◆ DATA UNDER STUDY:
※

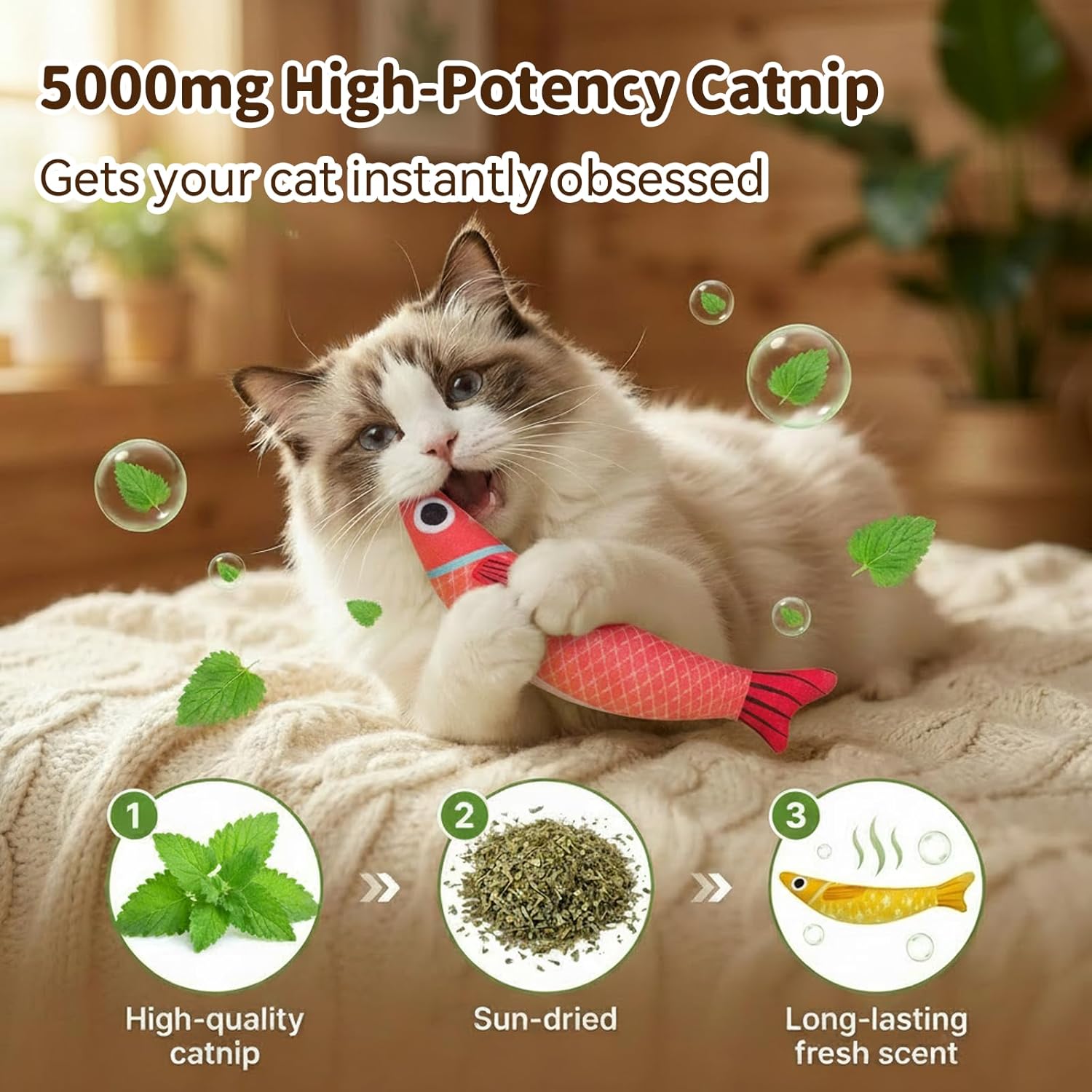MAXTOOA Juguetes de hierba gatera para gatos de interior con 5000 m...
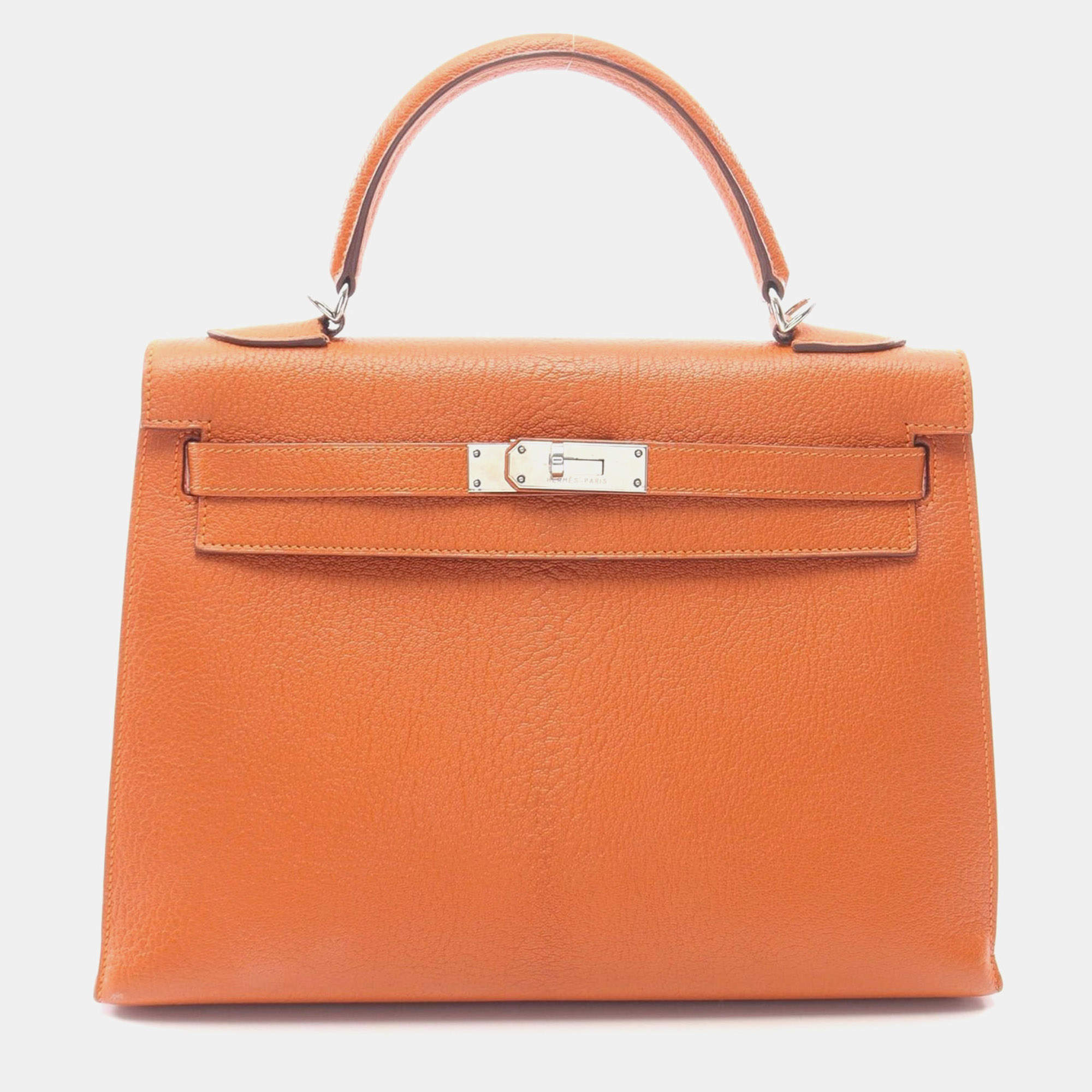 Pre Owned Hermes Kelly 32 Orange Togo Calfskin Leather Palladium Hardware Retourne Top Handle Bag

※

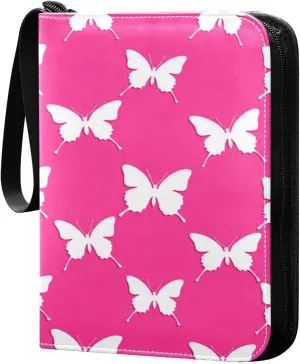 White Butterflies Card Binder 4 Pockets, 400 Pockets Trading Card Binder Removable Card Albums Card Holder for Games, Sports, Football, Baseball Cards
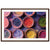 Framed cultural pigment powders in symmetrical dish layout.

※

Once the line with "MAXTOOA Juguetes de" is found in the data above, reproduce it and each line after it exactly, through the line with "Pre Owned Hermes". Omit the pictures.

MAXTOOA Juguetes de hierba gatera para gatos de interior con 5000 m...
 Pre Owned Hermes Kelly 32 Orange Togo Calfskin Leather Palladium Hardware Retourne Top Handle Bag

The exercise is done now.